## Work required
The data beneath this task has to be reprinted character for character.

## Dataset content

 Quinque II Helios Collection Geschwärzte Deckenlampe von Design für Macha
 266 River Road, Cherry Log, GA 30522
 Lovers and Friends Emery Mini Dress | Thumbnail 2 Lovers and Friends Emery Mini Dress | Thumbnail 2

## Output below
 Quinque II Helios Collection Geschwärzte Deckenlampe von Design für Macha
 266 River Road, Cherry Log, GA 30522
 Lovers and Friends Emery Mini Dress | Thumbnail 2 Lovers and Friends Emery Mini Dress | Thumbnail 2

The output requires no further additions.